Even most trinitarians do not confuse the two separate persons of the Father and the Son. They do not say the Son
is the Father. They say the Father and the Son are two separate individual persons who are equally “God”!
Therefore, since we obviously cannot take “Eternal Father” in the literal sense to mean that Jesus is the Father, we cannot take the rest of that same name (esp. ‘Mighty God’) in its literal highest sense and say that Jesus is Mighty
God, etc., either.
Another way competent Bible scholars have interpreted the meaning of this name is with the understanding that it (as with many, if not most, of the other Israelites’ personal names) does not apply directly to the one receiving that name(as we can see with “Elijah,” [God Jehovah] “Abijah,” [Father Jehovah], etc.) but is, instead, a statement praising the Father, Jehovah God.
I haven’t found any scholar/translator who says the name of Elimelech, for example should be translated with its literal meaning of “God King.” And no scholar ever translates it to mean that Elimelech himself was "God King." But instead adds a word or words to praise God: E.g., "God is the King."
Those missing minor words that the translator must supply at his own discretion in
personal names can often make a vital difference! - For example, the footnote for Gen. 17:5 in The
NIV Study Bible: The name ‘Abram’ “means ‘Exalted Father,’ probably in reference to God (i.e., ‘[
God is the] Exalted Father’).” - bracketed information is in the original.
Therefore, the personal name at Is. 9:6 has been honestly translated as:
“And his name is called: Wonderful in counsel
IS God the Mighty, the Everlasting Father, the Ruler of Peace” -
The Holy Scriptures, JPS Version (Margolis, ed.) footnote.

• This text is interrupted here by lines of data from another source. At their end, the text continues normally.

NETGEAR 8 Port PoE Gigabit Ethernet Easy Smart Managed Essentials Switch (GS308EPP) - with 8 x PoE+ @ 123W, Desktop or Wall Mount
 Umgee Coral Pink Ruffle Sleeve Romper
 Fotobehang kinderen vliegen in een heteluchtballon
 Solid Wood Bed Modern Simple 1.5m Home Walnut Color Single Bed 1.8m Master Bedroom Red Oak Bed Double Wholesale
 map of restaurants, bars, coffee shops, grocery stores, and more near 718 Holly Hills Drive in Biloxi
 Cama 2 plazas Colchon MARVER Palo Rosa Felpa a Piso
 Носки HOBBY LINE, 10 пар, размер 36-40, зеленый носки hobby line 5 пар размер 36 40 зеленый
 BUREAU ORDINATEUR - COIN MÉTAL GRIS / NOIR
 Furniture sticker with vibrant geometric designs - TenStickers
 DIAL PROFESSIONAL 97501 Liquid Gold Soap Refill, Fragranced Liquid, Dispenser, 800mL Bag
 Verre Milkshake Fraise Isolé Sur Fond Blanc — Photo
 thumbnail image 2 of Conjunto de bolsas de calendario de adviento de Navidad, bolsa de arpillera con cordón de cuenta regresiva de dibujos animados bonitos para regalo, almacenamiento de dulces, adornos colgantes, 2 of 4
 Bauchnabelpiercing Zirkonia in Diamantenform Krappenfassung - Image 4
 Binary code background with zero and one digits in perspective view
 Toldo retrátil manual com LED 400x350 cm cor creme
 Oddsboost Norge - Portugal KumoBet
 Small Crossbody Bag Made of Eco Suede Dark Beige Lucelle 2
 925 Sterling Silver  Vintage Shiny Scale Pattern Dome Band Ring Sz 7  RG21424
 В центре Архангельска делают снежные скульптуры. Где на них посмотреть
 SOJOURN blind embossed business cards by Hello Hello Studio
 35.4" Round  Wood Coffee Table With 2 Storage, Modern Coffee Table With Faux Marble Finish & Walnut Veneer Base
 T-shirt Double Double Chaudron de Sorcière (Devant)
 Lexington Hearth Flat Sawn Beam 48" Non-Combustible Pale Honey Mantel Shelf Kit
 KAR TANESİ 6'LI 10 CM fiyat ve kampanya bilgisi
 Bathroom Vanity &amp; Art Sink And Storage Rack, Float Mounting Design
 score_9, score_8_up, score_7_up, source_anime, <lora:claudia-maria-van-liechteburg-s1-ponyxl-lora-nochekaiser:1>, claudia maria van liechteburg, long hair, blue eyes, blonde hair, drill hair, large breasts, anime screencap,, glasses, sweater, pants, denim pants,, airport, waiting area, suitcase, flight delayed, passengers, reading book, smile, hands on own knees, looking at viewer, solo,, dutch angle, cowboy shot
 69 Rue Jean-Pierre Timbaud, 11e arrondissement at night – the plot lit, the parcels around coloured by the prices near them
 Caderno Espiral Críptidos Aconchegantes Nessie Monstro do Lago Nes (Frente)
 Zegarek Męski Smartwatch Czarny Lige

This is to show that it is intended to praise the God of the Messiah who performs great things through the Messiah.
The Leeser Bible also translates it:
“Wonderful, counsellor
of the mighty God,
of the everlasting Father, the prince of peace.”
Also,
An American Translation (by trinitarians Smith & Goodspeed) says:
“Wonderful Counselor
IS God Almighty, Father forever, Prince of Peace.”
From the Is. 9:6 footnote in the trinity-supporting
NET Bible:
".... some have suggested that one to three of the titles that follow ['called'] refer to God, not the king. For example, the traditional punctuation of the Hebrew text suggests the translation, 'and the Extraordinary Strategist, the Mighty God calls his name, "Everlasting Father, Prince of Peace."'"
Of course it could also be honestly translated:
“The Wonderful Counselor and Mighty God
Is the Eternal Father
of the Prince of Peace.”
And the Tanakh by the JPS, 1985, translates it:
[1] “The Mighty God
is planning grace;
[2] The Eternal Father [
is] a peaceable ruler.”
This latter translation seems particularly appropriate since it is in the form of a parallelism. Not only was the previous symbolic personal name introduced by Isaiah at Is. 8:1 a parallelism (“Maher-Shalal-Hash-Baz” means [a]“quick to the plunder;
swift to the spoil” - NIV footnote) but the very introduction to this Messianic name at Is. 9:6 is itself a parallelism:
[a]“For unto us a child is born;
unto us a son is given.”
It would, therefore, be appropriate to find that this name, too, was in the form of a parallelism as translated by the Tanakh above.
So it is clear, even to a couple of trinitarian scholars, that Is. 9:6 does not necessarily imply that Jesus is God.